'Zero Tolerance' Makes Zero Sense
School discipline goes mad.

The Wall Street Journal, Friday, May 18, 2001

Quick: Name an issue that unites the liberal American Civil Liberties Union and the conservative Rutherford Institute. The answer is "zero tolerance," the lunatic policy under which schools across America are suspending, expelling and even jailing kids for the most trivial of offenses, all in the name of preventing another Columbine.

On May 4, the ACLU won a temporary restraining order on behalf of Kara Williams, a 16-year-old freshman at Rio Rancho High School, near Albuquerque, N.M. Ms. Williams had the misfortune of being out of class at a time when two other girls were suspected of smoking marijuana in the girls' room. She was summoned to the principal's office, where a security guard searched her bag. She had no pot, but the guard did find a key chain, attached to which was a tiny penknife, complete with tweezers, toothpick and a one-inch blade.

Under the school's zero-tolerance weapons policy, Ms. Williams was suspended for the remainder of the school year--some 45 days. Five weeks later, federal judge Bruce Black ordered the school to readmit Kara pending the outcome of the case; last week the school board effectively reduced her sentence to time served.

But the allegation of "carrying a deadly weapon" will remain on her record, unless Judge Black rules otherwise. Deadly? Ms. Williams's stepfather told KOAT-TV that he brought a similar penknife to the federal courthouse, where a security officer "looked at it and didn't think nothing of it. Went through the metal detector, gave it back to me and said, 'Go on.' "

The Rutherford Institute, meanwhile, has filed a federal lawsuit on behalf of nine-year-old Raleigh "Trey" Walker III, suspended for drawing weapons. That's drawing--as in illustrating, sketching, depicting. In March, Trey, a third-grader at Lenwil Elementary School in West Monroe, La., drew a picture of a soldier holding a knife--a tribute, his father said, to a relative in the Army. Principal Edward Davis put Trey on "in-school suspension" for a day, saying he found the picture upsetting. (You be the judge; it's reproduced nearby.) "We can't tolerate anything that has to do with guns or knives," Mr. Davis told the Monroe News-Star.

Willie Isby, director of child welfare and attendance for the Ouachita Parish school system, added that "the punishment is not that bad in this case, in light of the fact that we have been having all these killings in schools." Mr. Isby also vowed to suppress "copycat drawings." Meanwhile Trey's father, Raleigh Walker II, told the News-Star, "I had to explain to him that owning guns and being in the Army is not bad."

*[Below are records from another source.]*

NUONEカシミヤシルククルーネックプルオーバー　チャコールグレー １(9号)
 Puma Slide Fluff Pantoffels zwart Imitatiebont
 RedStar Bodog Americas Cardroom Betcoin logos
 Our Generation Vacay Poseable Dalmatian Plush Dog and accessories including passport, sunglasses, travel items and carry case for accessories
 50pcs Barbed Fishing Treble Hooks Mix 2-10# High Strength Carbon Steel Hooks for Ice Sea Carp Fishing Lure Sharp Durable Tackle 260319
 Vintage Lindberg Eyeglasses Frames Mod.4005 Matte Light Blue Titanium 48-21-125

Since March, when I began following zero-tolerance for the "Best of the Web Today" feature of, this page's Web site, I've read dozens of news stories about outrageously stupid acts of school discipline. (I'm grateful to OpinionJournal's readers for tipping me off to many of them.) A complete archive is available on the site, but here's a sampling:

Last week an 11-year-old fifth-grader in Oldsmar, Fla., was hauled out of class in handcuffs for drawing pictures of weapons. "The children were in no danger at all," Oldsmar Elementary Principal David Schmitt acknowledged in an interview with the St. Petersburg Times. "It involved no real weapons." But school-district spokesman Ron Stone told the Times that handcuffing is "normal procedure in a situation like this."

A 16-year-old girl was suspended for 10 days from Pau-Wa-Lu Middle School in Gardnerville, Nev., for compiling a list of classmates who "frustrated" her. "We don't want a school shooting in our county, and we would rather err on the side of student safety," principal Robbin Pedrett told the Associated Press--even though the girl had no access to weapons.

In Stuart, Fla., a nine-year-old second-grader was arrested and charged with aggravated assault--a felony--after he allegedly pointed a toy gun at a classmate at J.D. Parker Elementary School. Earlier, two eight-year-olds at the Augusta Street School in Irvington, N.J., were charged with "making terrorist threats" after playing cops and robbers with "paper guns." (Prosecutors later dropped the charges.) And in Jonesboro, Ark., eight-year-old Christopher Kissinger was suspended from South Elementary School for three days for pointing a boneless, breaded chicken finger at a teacher and saying, "Pow, pow, pow."

What accounts for this madness? Why are schools so wildly overreacting to, or even criminalizing, ordinary juvenile behavior? The specter of Columbine and other heavily publicized school shootings obviously haunts school officials everywhere. But zero tolerance long predates that massacre. The Education Department reported that in the 1996-97 school year--two years before Columbine--94% of schools nationwide already had zero-tolerance policies for firearms.

The reactions we've seen lately--reminiscent of the Secret Service investigating every wisecrack or offhand remark about assassinating the president--are vastly disproportionate to the actual risk. The Secret Service has reason to be hypervigilant. Of the 42 men who have served as president, four were assassinated and another six survived at least one assassination attempt. If you're president, then, the odds of your being an assassination target are 23.8%, or nearly one in four. The likelihood of being killed in school is more like one in two million, or 0.00005%.

The Associated Press reported yesterday that the Columbine Review Commission, set up by Gov. Bill Owens in the wake of the 1999 massacre, is recommending that every Colorado high school set up a team to evaluate verbal and written threats. Perhaps these teams will approach the task with sensitivity and common sense. But if the stories we've seen from around the country are any indication, America's schoolchildren have more to fear from mass hysteria in the name of zero tolerance than from any lack of vigilance on the part of school officials.